Definition: The International Marketing is the application of marketing principles to satisfy the varied needs and wants of different people residing across the national borders.
Simply, the International Marketing is to undertake the marketing activities in more than one nation. It is often called as Global Marketing, i.e. designing the marketing mix (viz. Product, price, place, promotion) worldwide and customizing it according to the preferences of different nation people.
The foremost decision that any company has to make is whether to go international or not, the company may not want to globalize because of its huge market share in the domestic market and do not want to learn the new laws and rules of the international market.
But however, there are following reasons that attract the organization to be global:
- Increased Economies of Scale
- High-profit opportunities in the international market than the domestic market
- Huge Market Share
- Elongated life of the product
- Untapped International Market
How to Enter the International Market?
There are following ways through which companies can globalize:
- Exports: The easiest way to enter the market is through exports that can be indirect or direct.

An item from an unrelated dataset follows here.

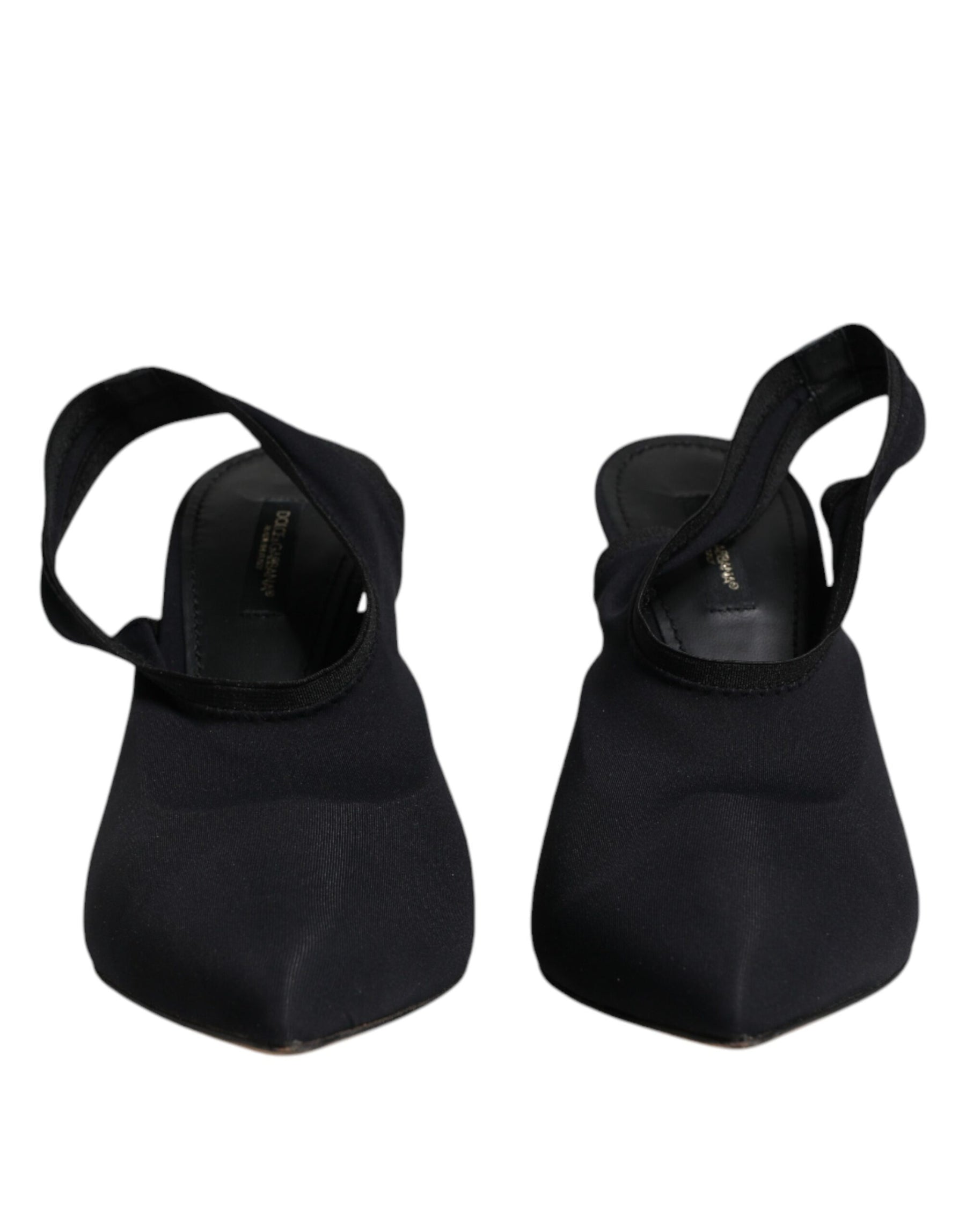 Dolce & Gabbana Black Jersey Stretch Heels Slingback Shoes | Regal Royce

In Indirect Exports, the trading companies are involved that facilitates the buying and selling of goods and services abroad, on the behalf of the companies.
Whereas in Direct exports, the company itself manages to sell the goods and services abroad, by opting one of the following ways:
- By setting Domestic based Export Department, working as an independent entity
- Through Overseas sales branch, that carries out the promotional activities and facilitates sales and distribution.
- The sales representatives traveling abroad
- The distributors or agents in abroad working exclusively on the behalf of the company
- Global web Strategy: Nowadays, companies need not go to the international trade shows to show their products, they can very well create the awareness among the customers worldwide through an electronic media i.e. internet.Through the company website, customers can read the detailed information, generally written in different languages, about the product and can order online.
- Licensing and Franchising: One of the ways to globalize is through licensing, wherein the domestic company issues the license to the foreign company to use the manufacturing process trademark, patent, name of the domestic company while facilitating the sales. In licensing, the domestic company has a less control over the licensee.
But, in the case of franchising, the domestic company enjoys the higher control as it allows the franchise to function on its behalf, and in line with the terms and conditions of the domestic company. MC Donalds, Dominos are the examples of franchising.
- Joint Ventures: The companies can go international by joining hands with other country based companies with the intention to monetize their existing relationships with the local customers.In India, TATA AIG, HDFC standard life insurance, TATA Sky are the examples of joint ventures.
- Direct Investment: Ultimately, the firms can establish their own business facilities or own a part of the local company to facilitate the sale of goods and services.
The companies go international with the objective to have an increased sales along with the huge market share. But certain things such as political, social, technological, cultural situations should be kept in mind while designing the marketing principles since these are different for the different nations.